• RECORD EXCERPTS:
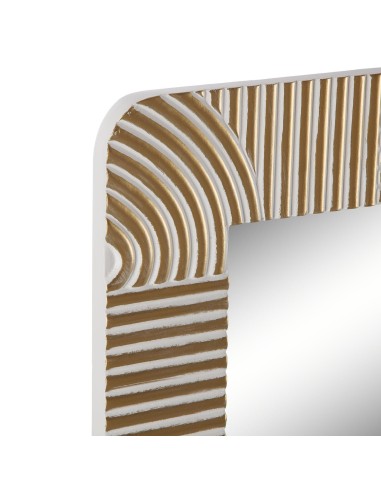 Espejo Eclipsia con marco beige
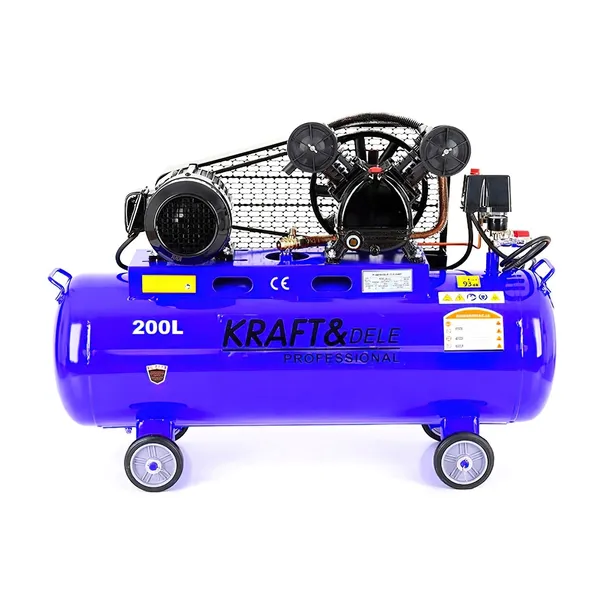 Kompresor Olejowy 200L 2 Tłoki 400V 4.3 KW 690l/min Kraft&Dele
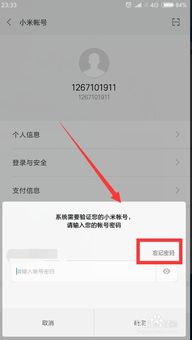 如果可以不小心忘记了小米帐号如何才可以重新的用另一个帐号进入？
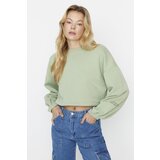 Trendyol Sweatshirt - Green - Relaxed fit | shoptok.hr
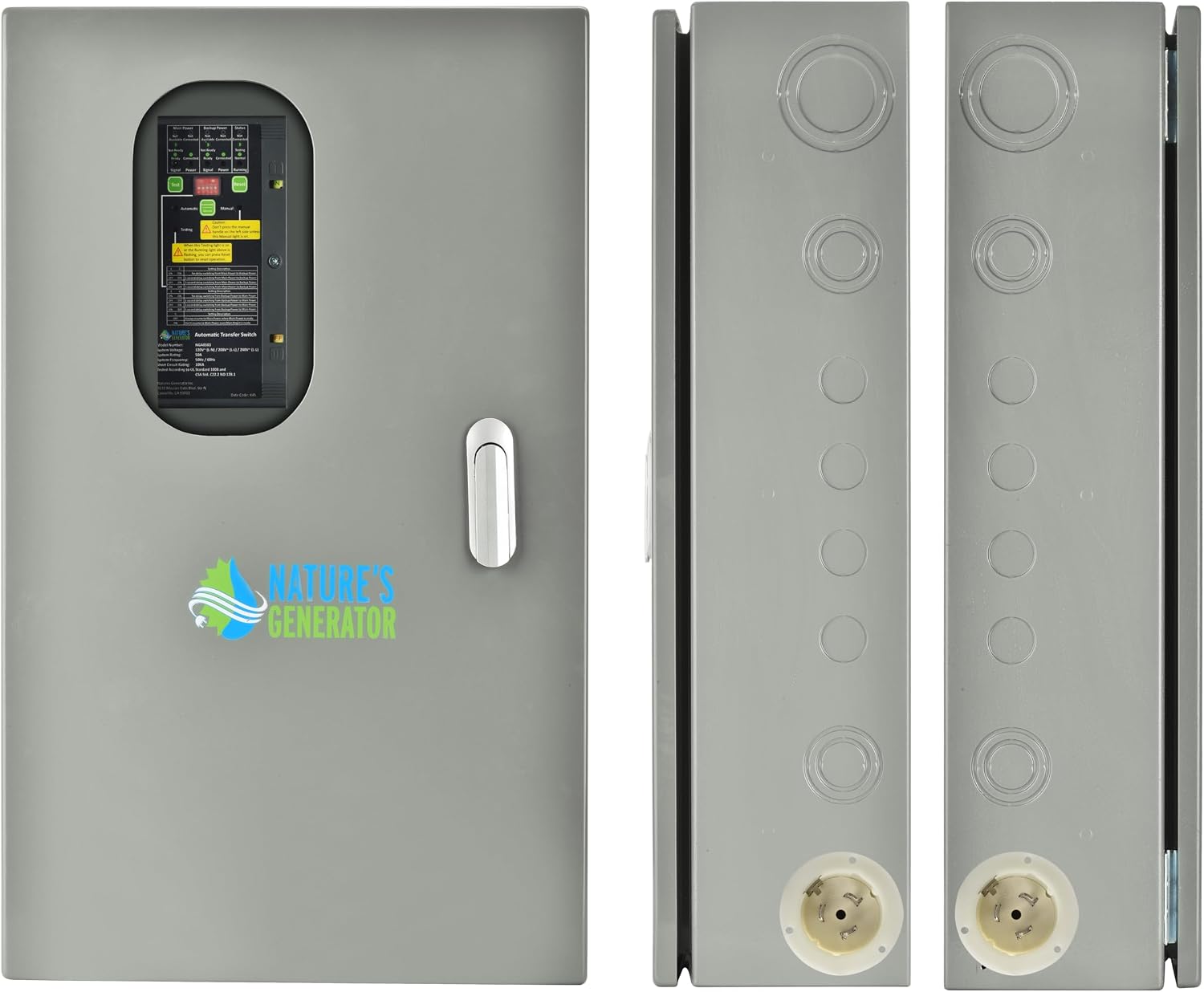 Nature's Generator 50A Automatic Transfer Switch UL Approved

• ASSIGNMENT: Give the records again exactly, minus the pictures.

• SOLUTION TO THIS PROBLEM:
 Espejo Eclipsia con marco beige
 Kompresor Olejowy 200L 2 Tłoki 400V 4.3 KW 690l/min Kraft&Dele
 如果可以不小心忘记了小米帐号如何才可以重新的用另一个帐号进入？
 Trendyol Sweatshirt - Green - Relaxed fit | shoptok.hr
 Nature's Generator 50A Automatic Transfer Switch UL Approved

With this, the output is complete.